GÖKÇEADA Kaymakamlığı, Gökçeada Belediyesi ve GDO’ya Hayır Platformu’nun düzenlediği ‘Gökçeada 1.Ekoloji Şenliği ve Çalışma Atölyeleri’ 31 Ağustos-4 Eylül tarihleri arasında yapılıyor.
BASINEVLERİ Mahallesi 1. Cadde No: 44’teki binanın giriş kapısının altındaki markete ait iki soğutucu var. Geceleri yaz gününde pencere açamıyoruz; çünkü çok gürültü yapıyor. Bu soğutucuların kaldırılması için yetkililerden yardım istiyorum.
Ünal ERGÖK / KEÇİÖREN-ANKARA
ÜSKÜDAR Belediyesi’nin ‘Katibim Festivali’ 30 Ağustos-4 Eylül tarihleri arasında yapılacak.
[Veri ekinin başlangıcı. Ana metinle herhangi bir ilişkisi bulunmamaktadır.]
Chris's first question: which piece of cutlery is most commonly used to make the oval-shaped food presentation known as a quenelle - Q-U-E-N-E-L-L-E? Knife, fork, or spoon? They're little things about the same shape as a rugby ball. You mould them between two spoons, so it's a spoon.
Güzel de, ‘Katib’in yaşadığı ev ve mezarının bulunduğu Katibim Aziz Bey Sokağı’nın çöp ve pis kokuları Üsküdar Belediyesi’nin dikkatini çekmiyor mu? Katib’in yaşadığı evde torunu Azmi Bilir halen yaşıyor. Belediye hiç olmazsa festivalde kullandığı ismine hürmetle mezarının bulunduğu sokağına sahip çıksın. Çünkü o sokakta yaşayan Roman vatandaşların dışında yüzlerce aile var.
Muzaffer AKSOY-ÜSKÜDAR
ATEŞLENEN çocuğumu Kartal Devlet Hastanesi’ne götürdüm. Sağlık karnem, vizite kağıdım gerekli tüm belgelerimin tam olmasına rağmen SSK prim günüm eksik gözüktüğü için hastaneye almadılar. 2002’den beri sigortam günü gününe ödendi. Benim bildiğim hastanelerden yararlanmak için 6 aylık prim ödemek yeterli. Biz birşey yapamayız, ücretli girin diyorlar. Paramız olsa burda ne işimiz var. Bir yerde yanlışlık var ama nerede?
Kenan YILMAZ
KARTAL Yakacık Uğur Mumcu Mahallesi, Adnan Kahveci Camii’nin iki şerefesine de baz istasyonu kuruluyor. Kaymakamlık ve müftülüğe şikayet ettik, sonuç alamadık. Ne yazık ki, 70 bin kişinin yaşadığı bu mahalleye izin verilmiş, biz de her akşam eylem yapıyoruz. Bizi kimse dinlemiyor?